* What is being asked
Reproduce the entries beneath exactly, without their images.

* * * * * * * * *

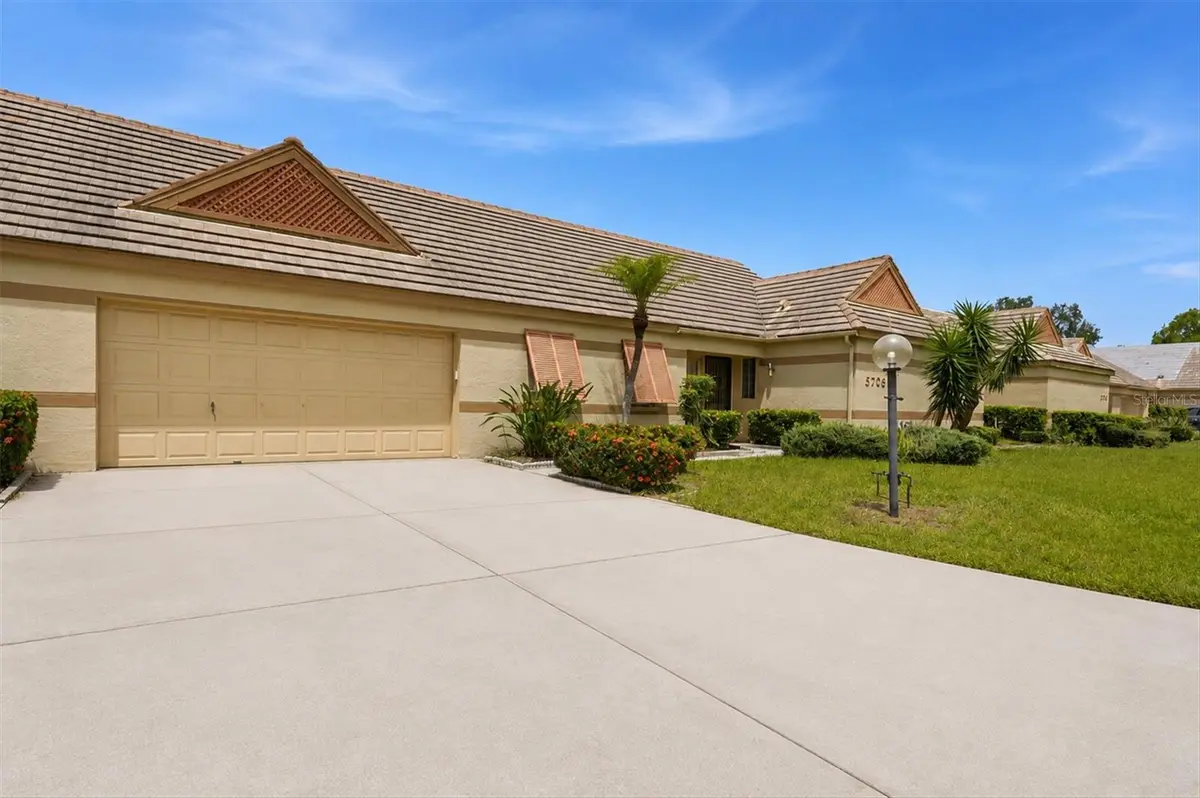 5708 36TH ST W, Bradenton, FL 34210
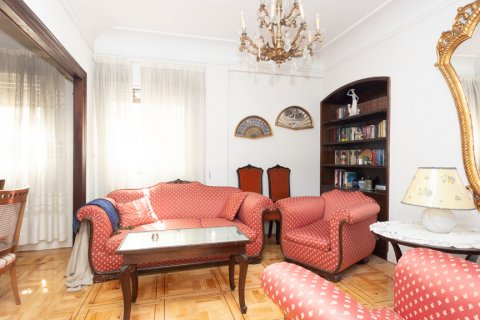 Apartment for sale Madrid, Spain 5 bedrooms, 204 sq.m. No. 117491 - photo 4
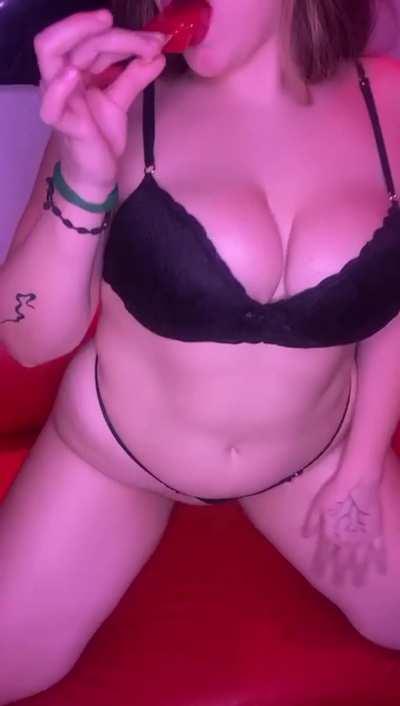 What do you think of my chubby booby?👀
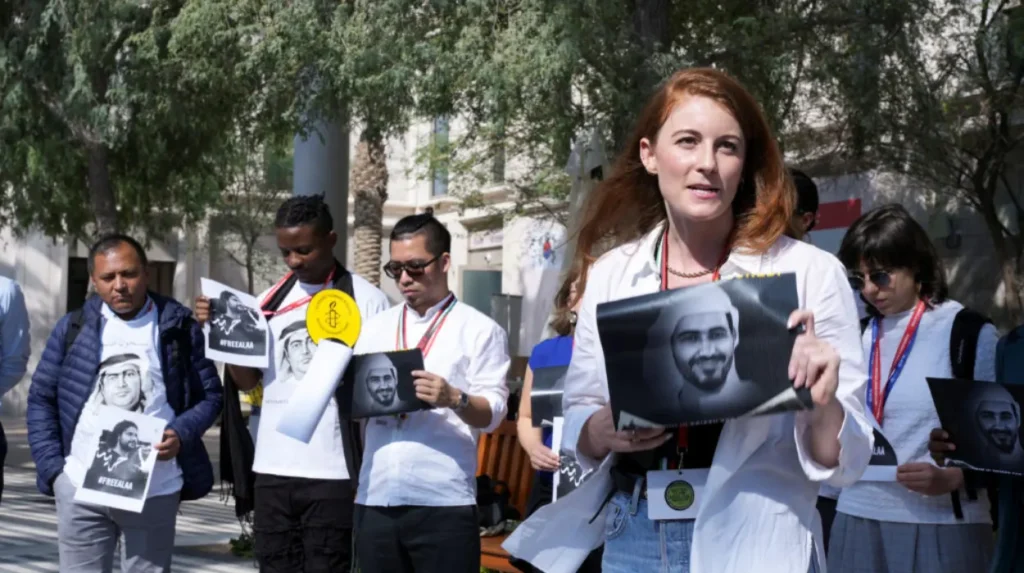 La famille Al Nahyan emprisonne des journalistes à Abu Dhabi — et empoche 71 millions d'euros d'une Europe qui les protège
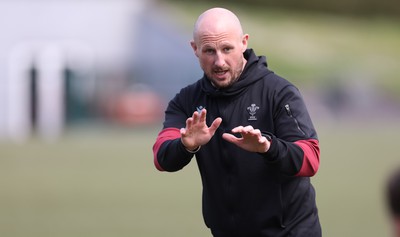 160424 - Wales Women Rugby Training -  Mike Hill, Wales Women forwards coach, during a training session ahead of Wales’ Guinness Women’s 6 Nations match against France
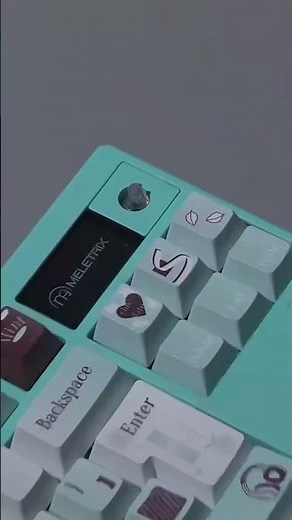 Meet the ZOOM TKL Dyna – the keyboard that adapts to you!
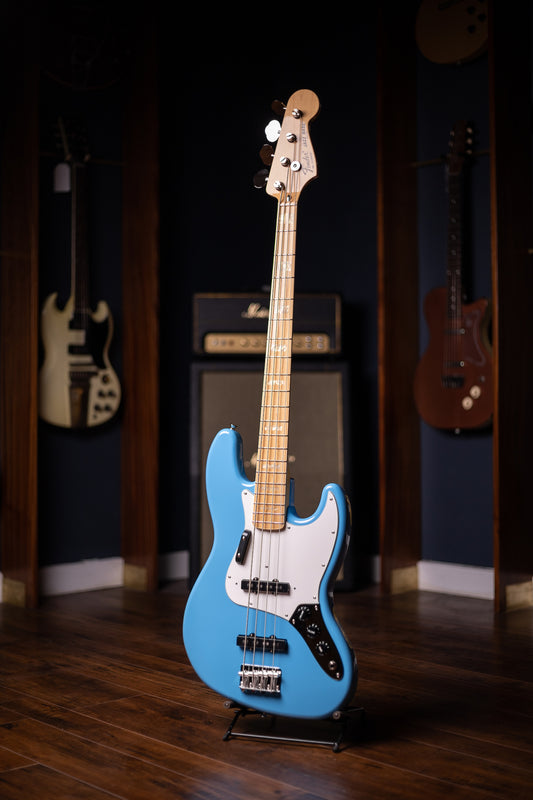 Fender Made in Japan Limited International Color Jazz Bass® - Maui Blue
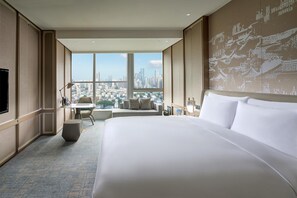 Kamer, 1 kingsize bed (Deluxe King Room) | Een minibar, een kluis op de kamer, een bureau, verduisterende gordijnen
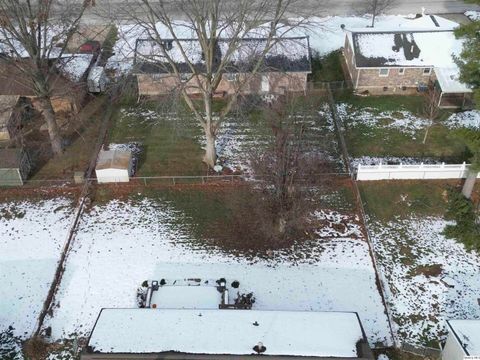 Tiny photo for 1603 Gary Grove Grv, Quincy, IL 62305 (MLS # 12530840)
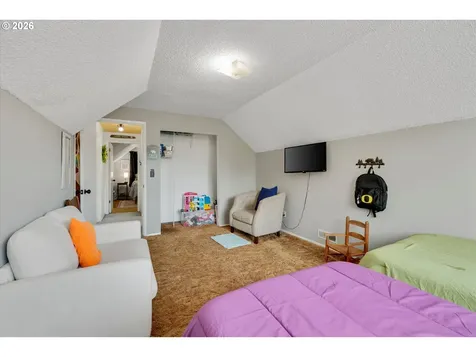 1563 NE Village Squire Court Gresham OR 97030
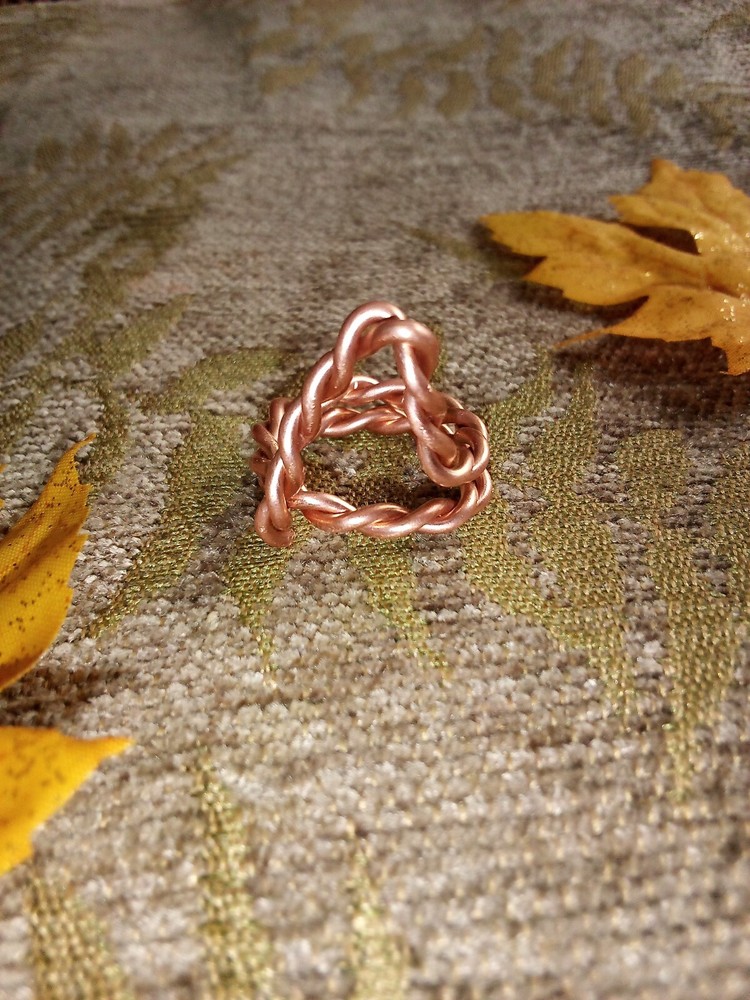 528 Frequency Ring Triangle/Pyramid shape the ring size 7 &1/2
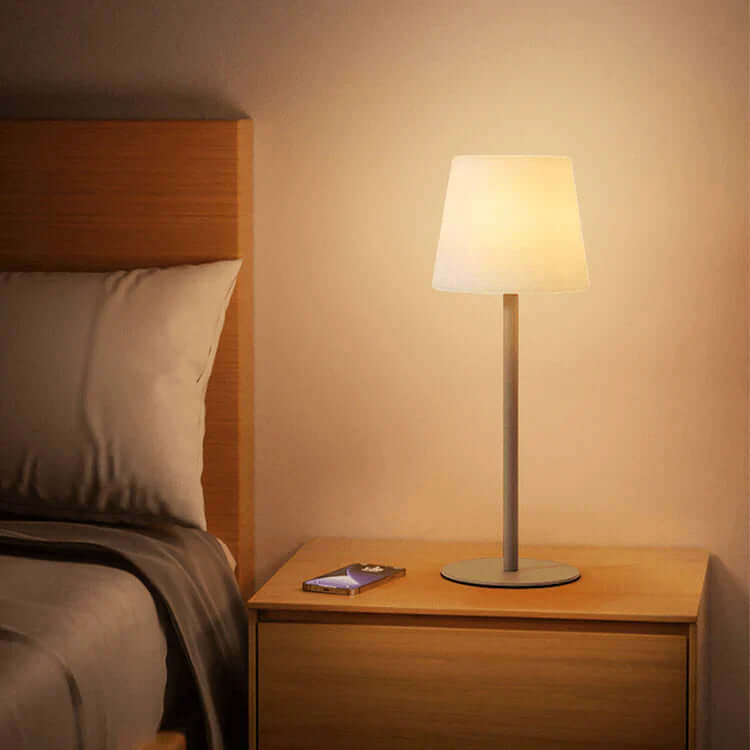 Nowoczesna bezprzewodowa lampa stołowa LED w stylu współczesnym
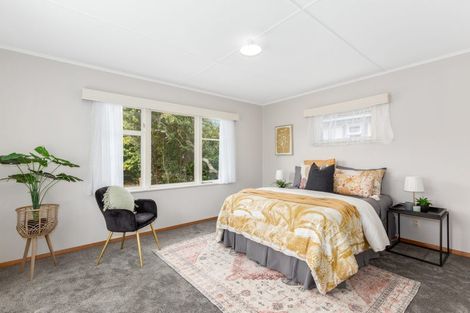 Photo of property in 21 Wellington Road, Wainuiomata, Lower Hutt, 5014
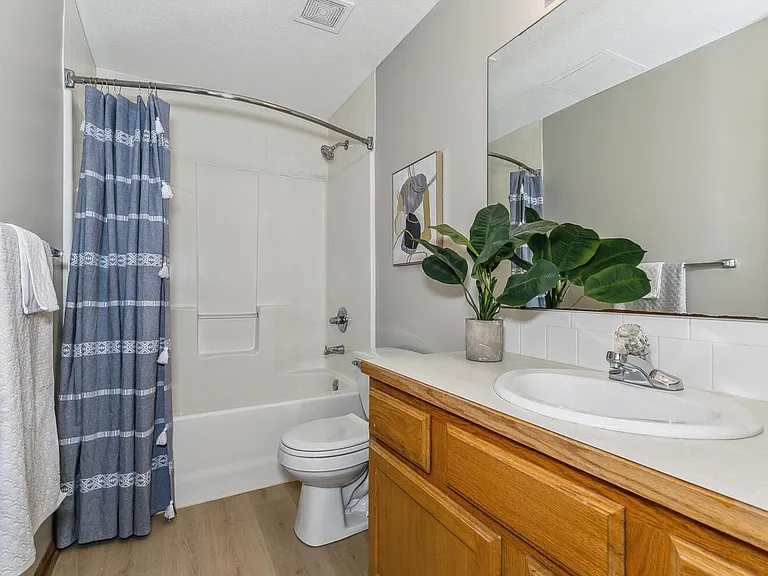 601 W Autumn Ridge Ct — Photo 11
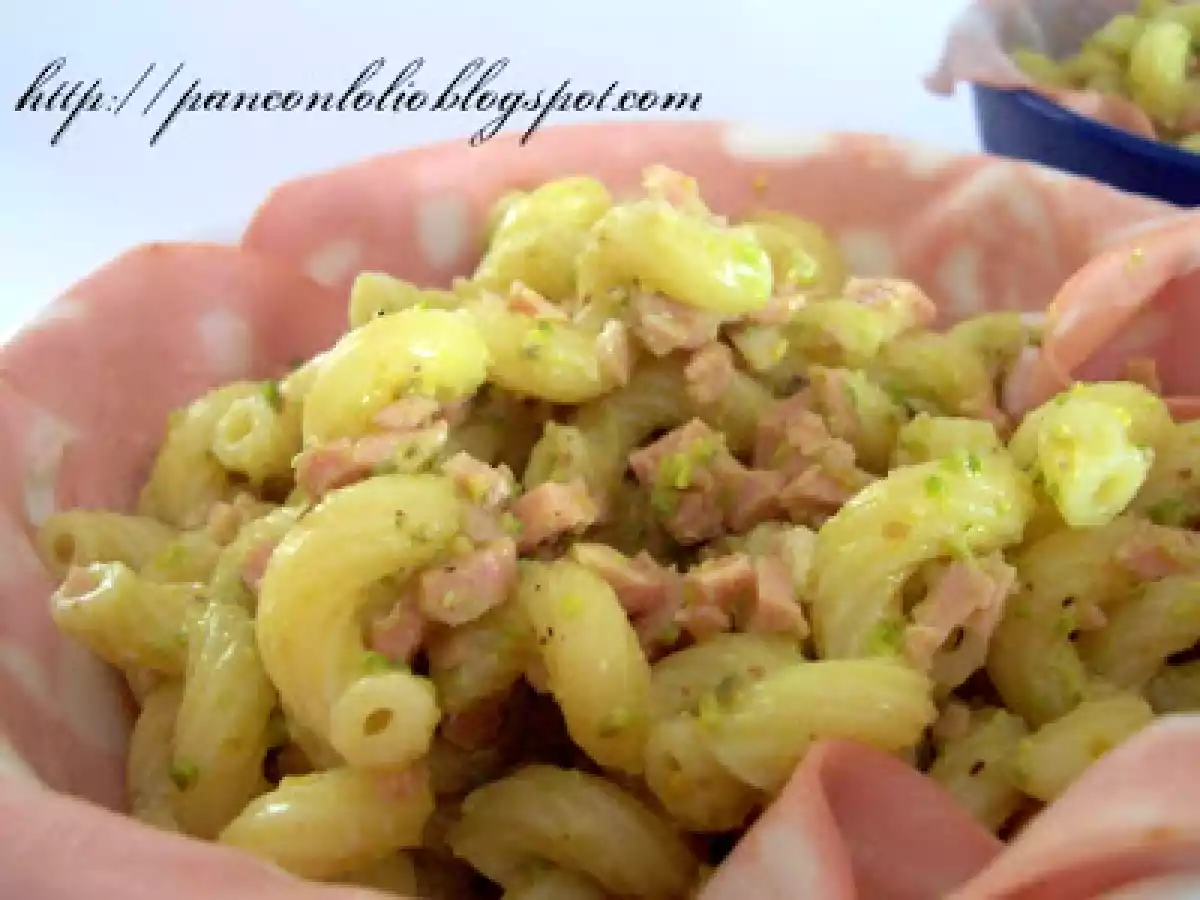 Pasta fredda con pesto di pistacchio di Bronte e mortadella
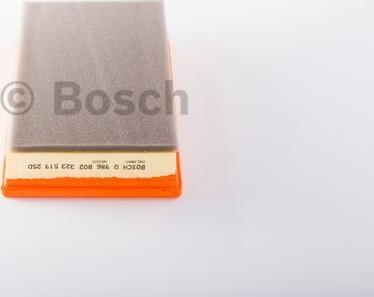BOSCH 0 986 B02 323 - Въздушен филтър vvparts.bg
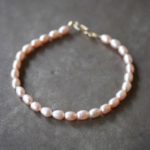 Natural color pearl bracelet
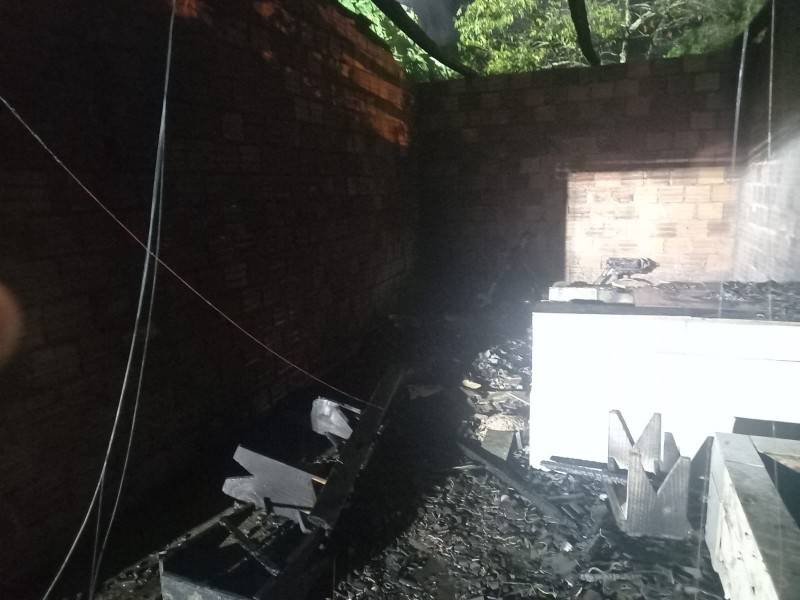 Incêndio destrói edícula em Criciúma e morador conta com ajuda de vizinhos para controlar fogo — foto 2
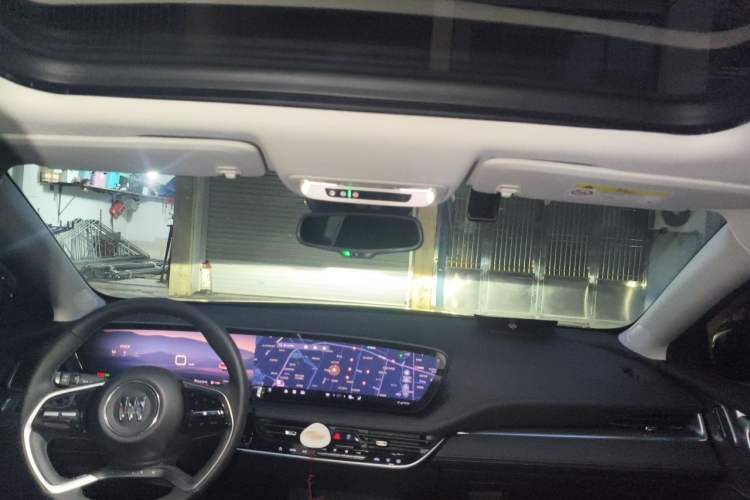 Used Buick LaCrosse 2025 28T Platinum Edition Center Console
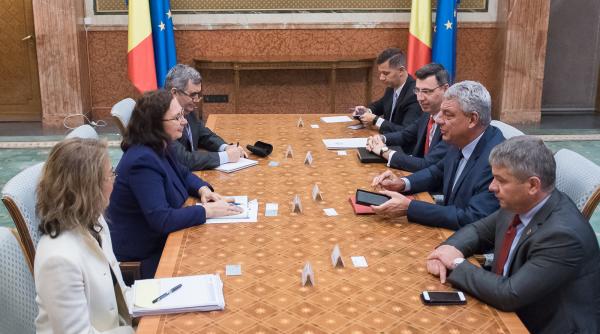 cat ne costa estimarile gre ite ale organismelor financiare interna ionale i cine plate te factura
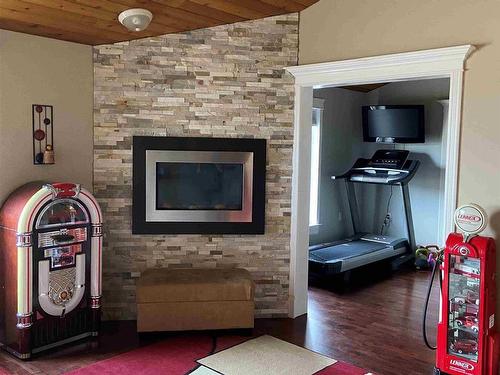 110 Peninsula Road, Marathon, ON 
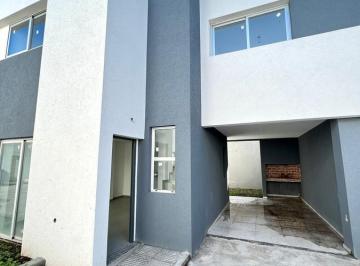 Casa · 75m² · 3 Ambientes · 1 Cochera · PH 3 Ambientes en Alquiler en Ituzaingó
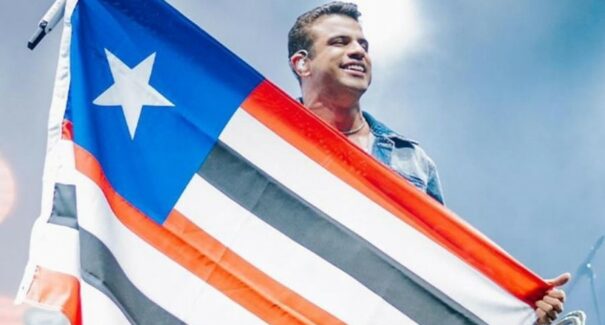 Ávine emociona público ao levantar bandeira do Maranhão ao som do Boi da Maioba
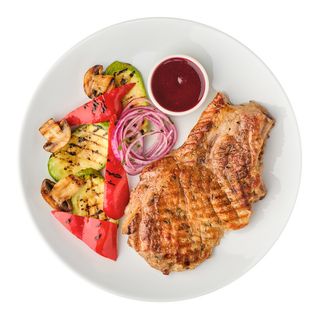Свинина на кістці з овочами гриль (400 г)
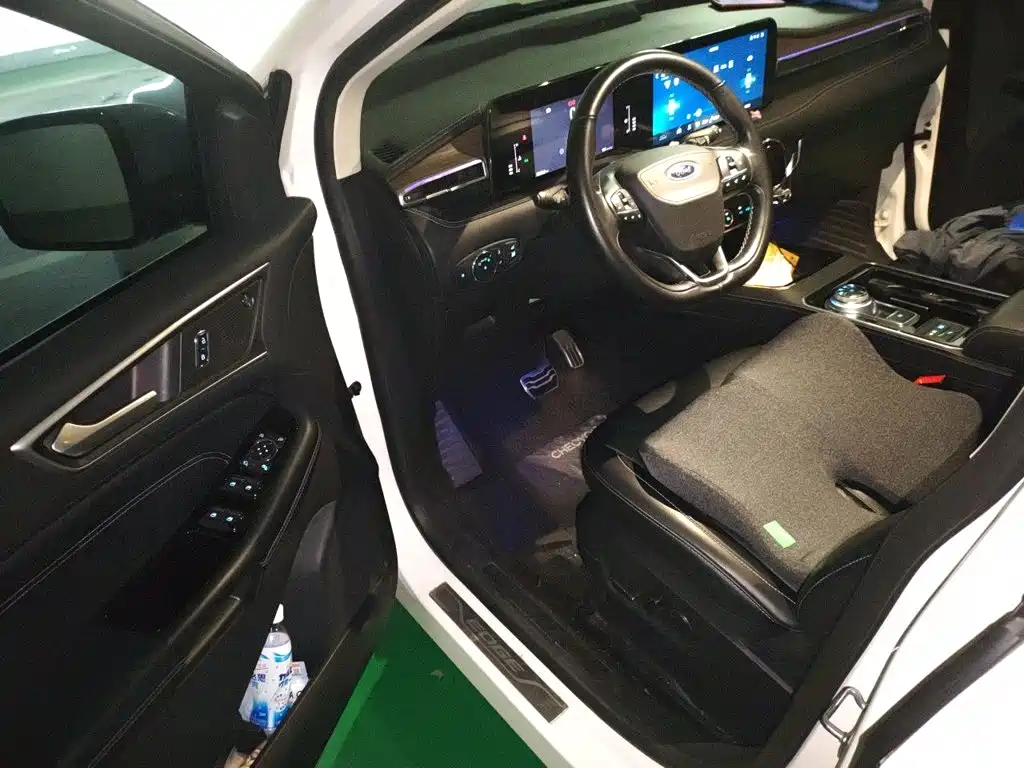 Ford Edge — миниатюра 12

* * * * * * * * *

* Reply
 5708 36TH ST W, Bradenton, FL 34210
 Apartment for sale Madrid, Spain 5 bedrooms, 204 sq.m. No. 117491 - photo 4
 What do you think of my chubby booby?👀
 La famille Al Nahyan emprisonne des journalistes à Abu Dhabi — et empoche 71 millions d'euros d'une Europe qui les protège
 160424 - Wales Women Rugby Training -  Mike Hill, Wales Women forwards coach, during a training session ahead of Wales’ Guinness Women’s 6 Nations match against France
 Meet the ZOOM TKL Dyna – the keyboard that adapts to you!
 Fender Made in Japan Limited International Color Jazz Bass® - Maui Blue
 Kamer, 1 kingsize bed (Deluxe King Room) | Een minibar, een kluis op de kamer, een bureau, verduisterende gordijnen
 Tiny photo for 1603 Gary Grove Grv, Quincy, IL 62305 (MLS # 12530840)
 1563 NE Village Squire Court Gresham OR 97030
 528 Frequency Ring Triangle/Pyramid shape the ring size 7 &1/2
 Nowoczesna bezprzewodowa lampa stołowa LED w stylu współczesnym
 Photo of property in 21 Wellington Road, Wainuiomata, Lower Hutt, 5014
 601 W Autumn Ridge Ct — Photo 11
 Pasta fredda con pesto di pistacchio di Bronte e mortadella
BOSCH 0 986 B02 323 - Въздушен филтър vvparts.bg
 Natural color pearl bracelet
 Incêndio destrói edícula em Criciúma e morador conta com ajuda de vizinhos para controlar fogo — foto 2
 Used Buick LaCrosse 2025 28T Platinum Edition Center Console
 cat ne costa estimarile gre ite ale organismelor financiare interna ionale i cine plate te factura
 110 Peninsula Road, Marathon, ON 
 Casa · 75m² · 3 Ambientes · 1 Cochera · PH 3 Ambientes en Alquiler en Ituzaingó
 Ávine emociona público ao levantar bandeira do Maranhão ao som do Boi da Maioba
Свинина на кістці з овочами гриль (400 г)
 Ford Edge — миниатюра 12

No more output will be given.